Nadaniem honorowego obywatelstwa miasta Alinie i Czesławowi Centkiewiczom, umieszczeniem ich zdjęć w galerii w ratuszu i odsłonięciem tablicy na gmachu Ośrodka Aerologii IMGW uczczono w środę w podwarszawskim Legionowie 80. rocznicę Pierwszej Polskiej Wyprawy Polarnej.
List do uczestników środowych uroczystości w Legionowie skierował prezydent Bronisław Komorowski. "Spuścizna literacka Centkiewiczów, oparta w dużej mierze na wspomnieniach ze wspólnych wypraw, należy dziś do kanonu polskiego reportażu i powieści podróżniczej. Jak przed laty urzeka sugestywnymi obrazami bezkresów Arktyki i historiami z życia mieszkańców odległych lądów, zachęcając przy tym do odważnego pójścia w ślady polskich globtroterów" - czytamy m.in. w liście od prezydenta.

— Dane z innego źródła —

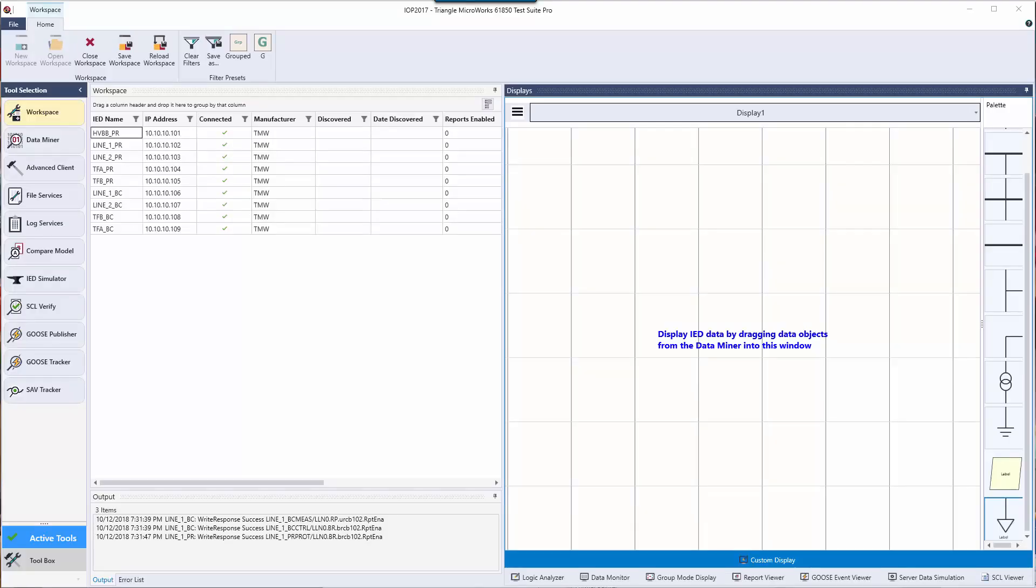In this video we'll be focusing on TestSuite Pro's ability to locate and organize data with the data miner and various ways that you can display that data and the sequence of changes that happen during an event using the logic analyzer and custom displays.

Czesław Centkiewicz (1904-1996), z wykształcenia inżynier elektryk, naukowiec zajmujący się radiometeorologią, znany był głównie z książek i reportaży podróżniczych; część z nich napisał wspólnie z żoną Aliną, podróżniczką (1907-1993).
Pierwsza Polska Wyprawa Polarna na Wyspę Niedźwiedzią na Morzu Barentsa (Svalbard, Norwegia) wyruszyła pod kierownictwem inż. Czesława Centkiewicza w lipcu 1932 r. z Ośrodka Aerologii Państwowego Instytutu Meteorologicznego w Legionowie.
"Wynikiem wyprawy było zebranie ważnych obserwacji naukowych oraz wydanie książki +Wyspa mgieł i wichrów+, w której Czesław Centkiewicz wskazuje Legionowo jako główne miejsce przygotowań do wyprawy polarnej" - podkreślono w przyjętej w środę okolicznościowej uchwale Rady Miasta Legionowo.
"Po powrocie z wyprawy Czesław Centkiewicz został na stałe zatrudniony w Państwowym Instytucie Meteorologicznym w Legionowie, od stycznia 1935 r. do wybuchu II wojny światowej - na stanowisku kierownika Działu Radiometeorologicznego w Obserwatorium Aerologicznym PIM. W okresie pracy w Legionowie odbył wiele podróży, które były inspiracją dla jego książek. Opublikował przed wojną znane opowiadanie +Anaruk chłopiec z Grenlandii+, a także książki +Czeluskin+, +W lodach Eisfiordu+, +Znowu na Północy+, +Biała Foka+ - czytamy w środowej uchwale.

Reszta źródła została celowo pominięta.